Data mined without clear outcome in mind; exploratory in nature; not pre-defined or classified, discovered from the data

Unsupervised Learning Methods

  • Descriptive and exploratory in nature

  • Mined to uncover previously unknown patterns without outcome in mind

  • Make use of unlabeled data: no specified outcome variable

  • Assessing how good the results are (subjective)

Supervised Learning Methods

  • Prediction methods

  • Mined with clear objective to predict a specific outcome

  • Make use of labeled data; outcome variable is known

  • Assessing performance of model is done with objective metrics

Association Rules

Discovering relationships among items

General Idea → Investigating co-occurrence of items, events, variables and so on

Recommendation Systems are main application (e-commerce)

Market Basket Analysis

Definitions

  • X→Y : Association rule (relationship between item sets)
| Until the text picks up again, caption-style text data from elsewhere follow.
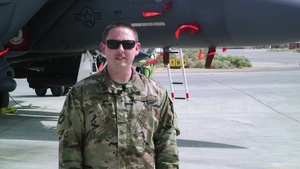 2018 Father's Day Shout-Outs-Technical Sergeant Michael Botti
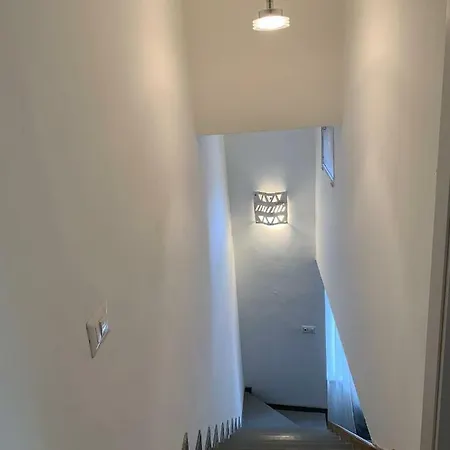 Apartmán Domus Luce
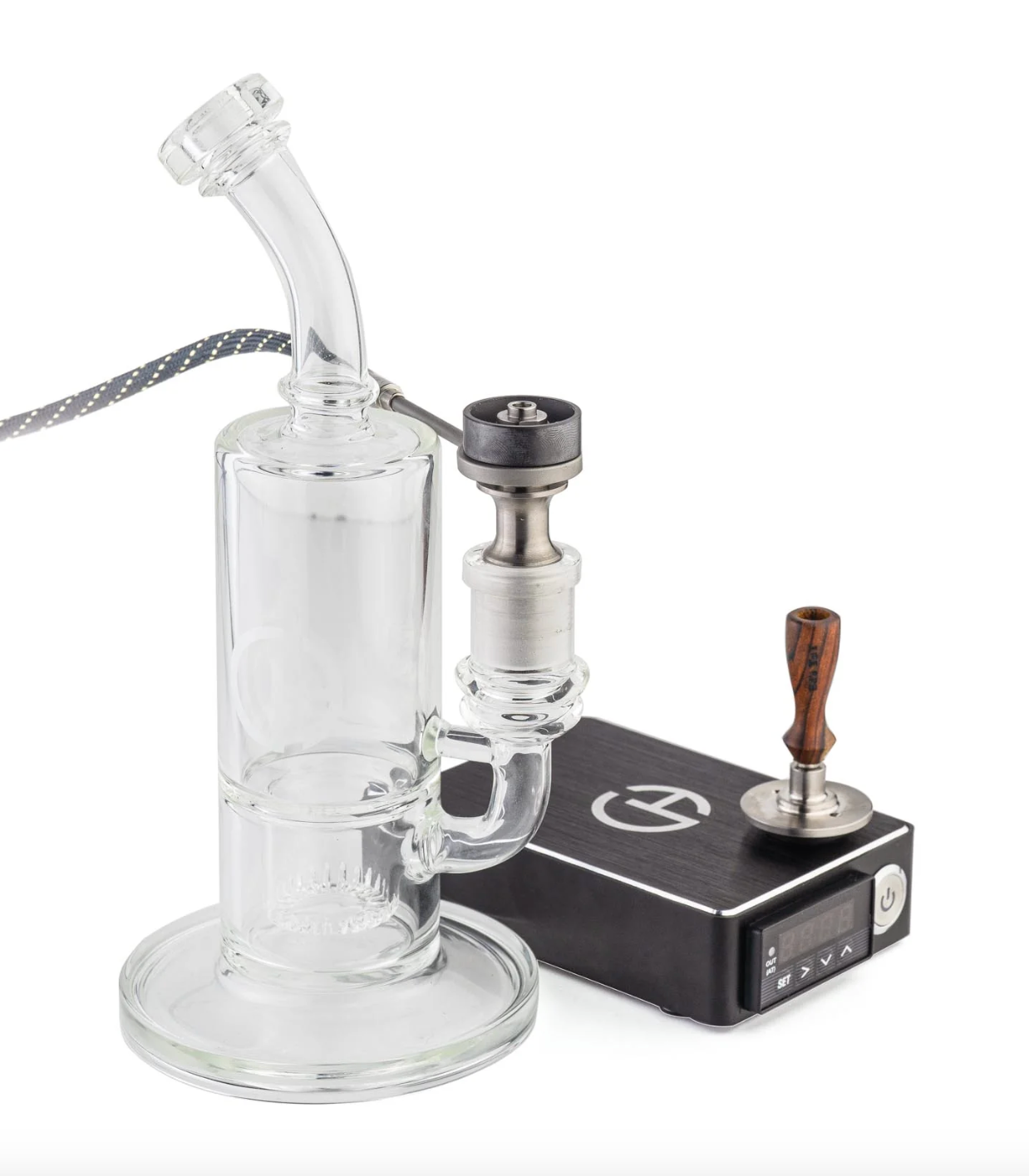 Dab Rigs and Dab Accessories | Cannabis Hardware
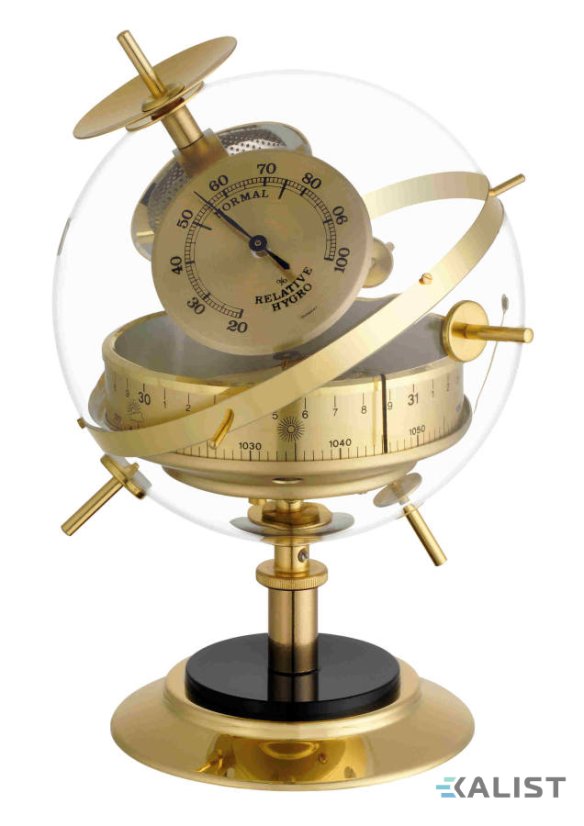 Meteorologická stanica SPUTNIK TFA 20.2047.52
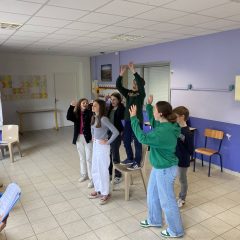 Théâtre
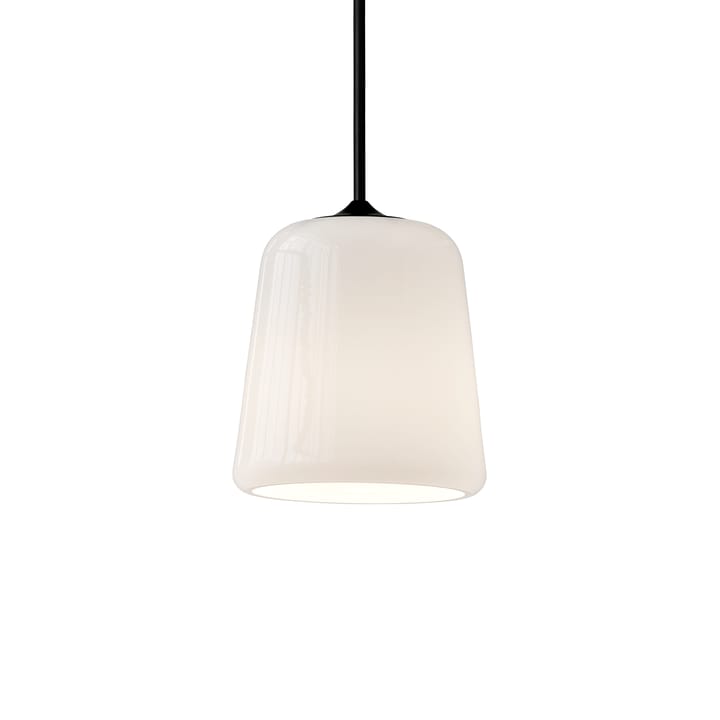 매터리얼 펜던트 조명 - White opal glass - New Works | 뉴웍스
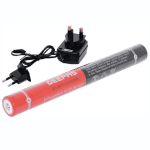 Geepas GFL4653 Rechargeable Led Flashlight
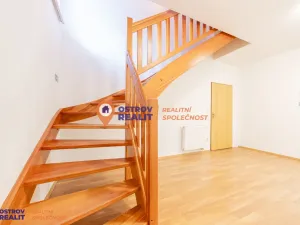 Pronájem bytu 4+1, Hanušovice, Hynčická, 109 m2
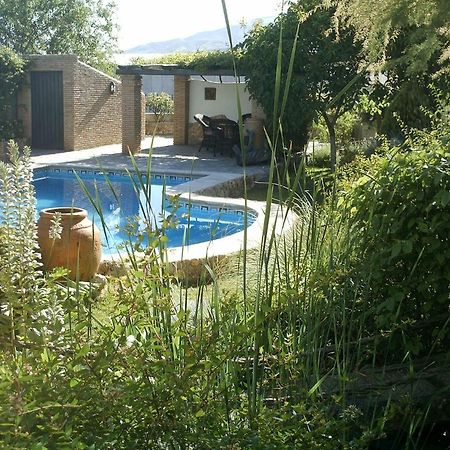 Apartament El Rincon De Pepa La Zubia  Zewnętrze zdjęcie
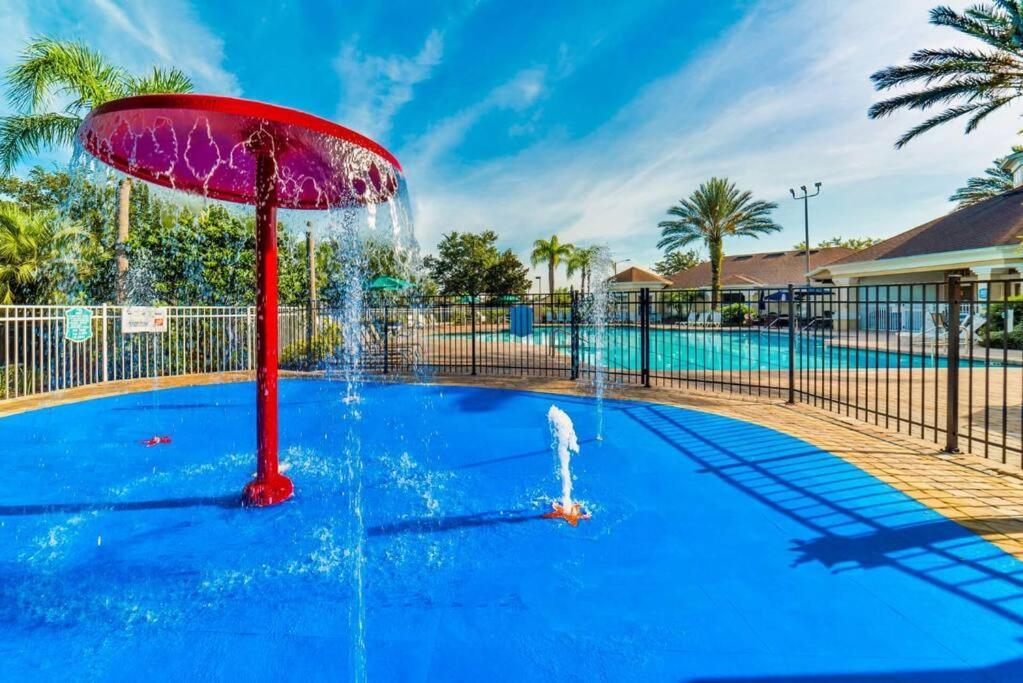 Disney Fan Condo-Renovated 2024 Kissimmee Exterior photo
    • Association rules are direction

    • Item sets cannot be overlapping

  • X : antecedent (body)

  • Y : consequent (head)

Metrics / Measures

Assessing association rules

  • (Support Count) count of transactions containing item-set [σ]

    • Support count of X, support count of Y and support count X→Y

    • Not directional

  • (Support Percentage) fraction of transactions that contain all item-sets; probability randomly selected transaction contains item set [s]
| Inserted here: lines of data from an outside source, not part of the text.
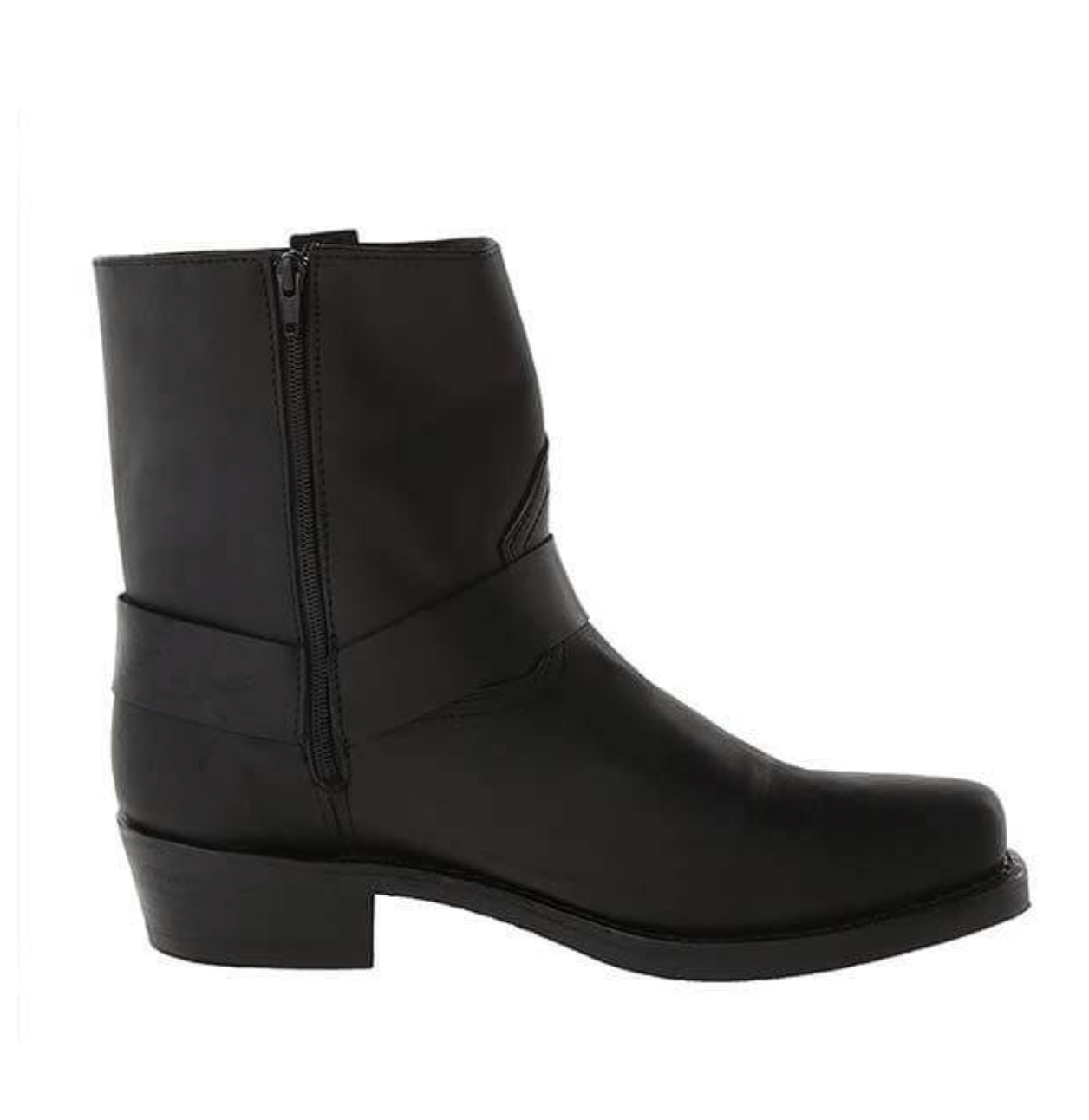 Tess | Vintage Luxus Herrenstiefel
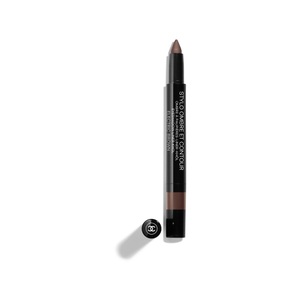 Chanel, Chanel Stylo Ombre Et Contour #04 (trucco, occhi, ombretto), CHANEL - 3-in-1 Stift: Lidschatten, Eyeliner Und Kajal, Stylo Ombre Et Contour, 0.8g, ELECTRIC BROWN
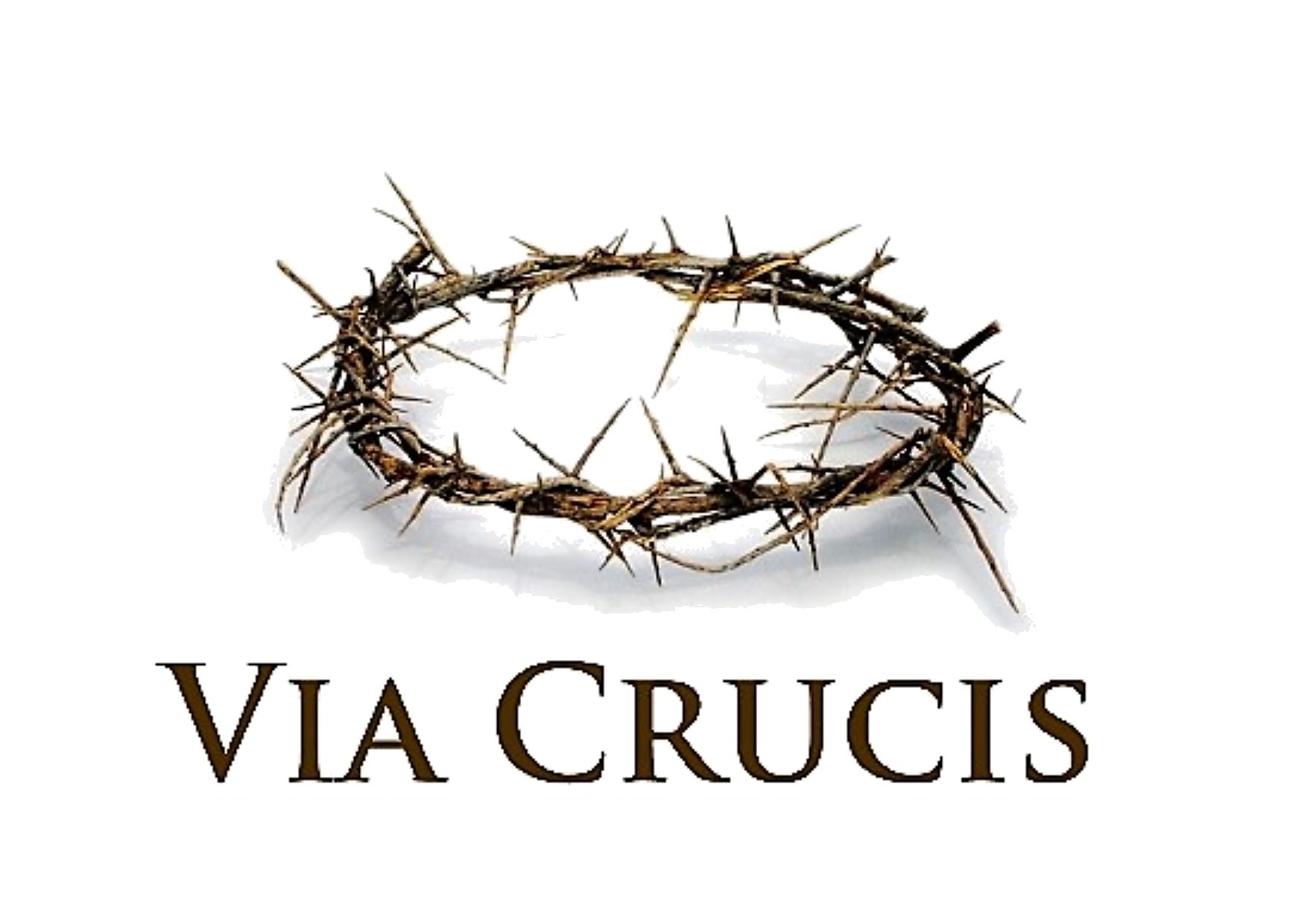 Costumi per via CRUCIS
    • # of transaction with item set / total # of transactions

    • Support percent of X, support percent Y, support percent X→Y

    • Not directional

  • (Confidence) how often Y appears with transactions containing X; probability transaction including X will include Y [conf.]
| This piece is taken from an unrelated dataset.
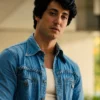 Anthony Ippolito I Play Rocky Jacket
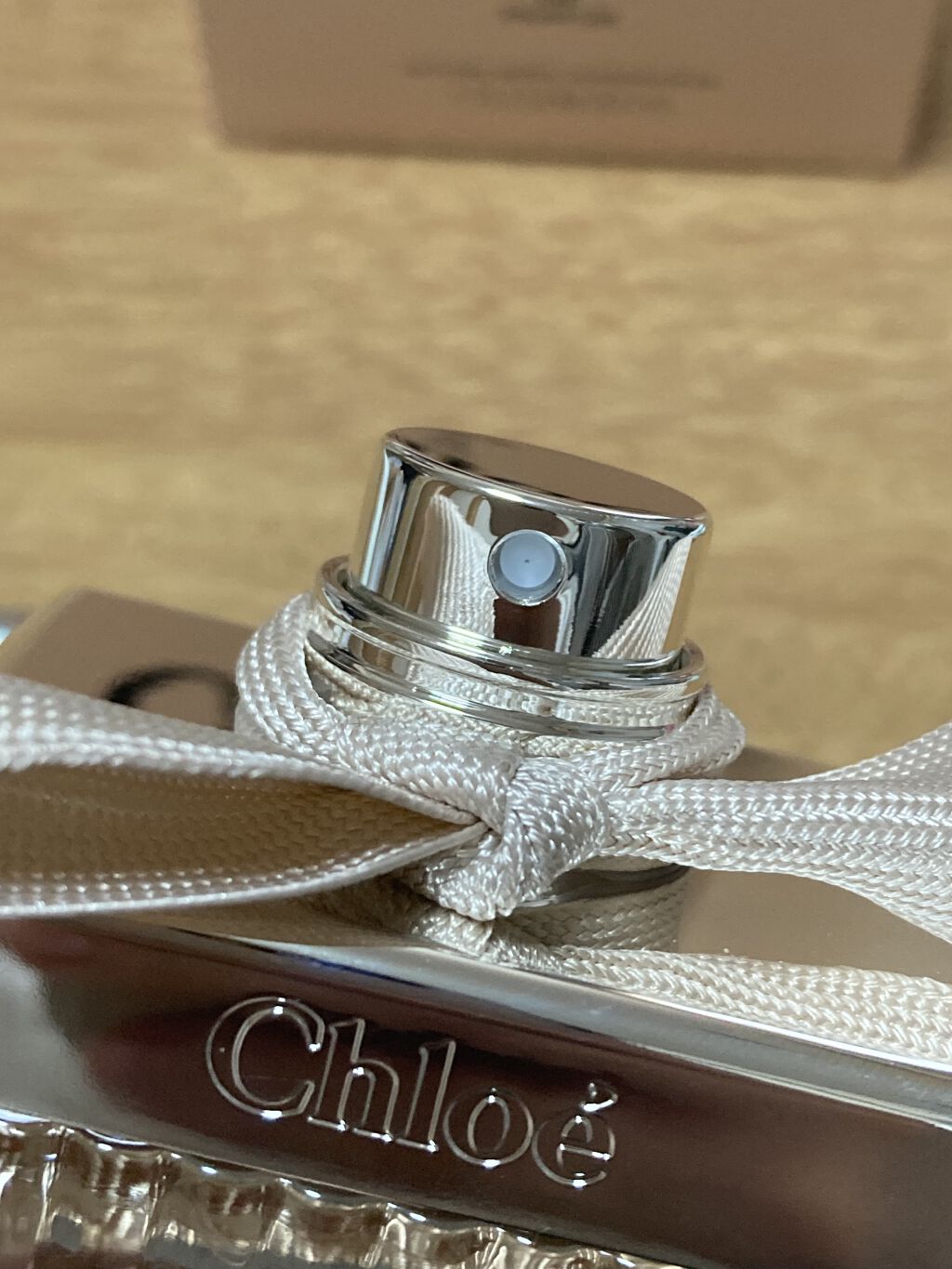 ホワイトリリー オードパルファン/SHIRO/香水(レディース)を使ったクチコミ（2枚目）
    • Count (X→Y) / Count (X)

    • Directional

  • (Lift) measure o how much more likely 2 item sets co occur [lift]

    • Conf. (X→Y) / S(Y)

    • No direction

Algorithms - finding good candidates

  • To find rules that are good candidates, only consider frequent item-sets; specify minimum support (minsupp) and minimum confidence (minconfidence) based on domain knowledge or business goals

  • Frequent item-sets → support >= minsupp

    • Minimum support threshold lightens computational load

Apriori Algorithm

  • Key idea → if item set X is not frequent then any item sets containing X cannot be frequent

    • Algorithm process:

      1. consider all one-item-sets, compute support, keep sets with supp >= minsupp

      2. form two-item-sets with items sets from step 1, keep sets with supp >=minsupp

      3. form three-item-sets with items from step 1, keep sets with supp >=minsupp

      4. continue till no further combo’s to consider, resulting item sets satisfy minsupp

      5. calculate confidence of item-sets, keep sets with conf. >= minconfidence; this is the final set of rules

        • Can also calculate lift of these rules

Interpretation of results

  • Confidence: when X happens, [conf.]% of the time Y also happens

  • Lift: when X happens, Y is [lift-1] percent more/less liekly

    • Lift > 1; customers who buy X are more likely to buy Y

    • Lift = 1; customers who buy X are as likely to buy Y

    • Lift < 1; customers who buy X are less likely to buy Y

Cluster Analysis

Organizing observations in internally similar and meaningful clusters

Cluster Properties

  • High Intra-Similarity → points in same cluster are similar to each other

  • Lower Inter-Similarity → points in different clusters are different

Applications of Clustering

  1. Discover natural patterns in data

  2. Facilitate analysis of large datasets

Why Algorithms

  • Data sets in N-dimensional spaces; datasets with M observations of N dimensions, we need to:

    • Understand similarity between data

    • Decide which clustering method

    • How many clusters (stopping criteria)

    • Evaluate quality of clusters

Distance Measures (similarity between individual data points)

  • Numerical Data (higher distance → more different; lower distance → more similar)

    • Euclidean Distance (straight line distance)

    • Manhattan Distance (rectilinear distance)

  • Binary Data (higher distance → more different; lower distance → more similar)

    • Matching Distance (# of mismatches over total #)

    • Jaccard Distance (excludes null observations)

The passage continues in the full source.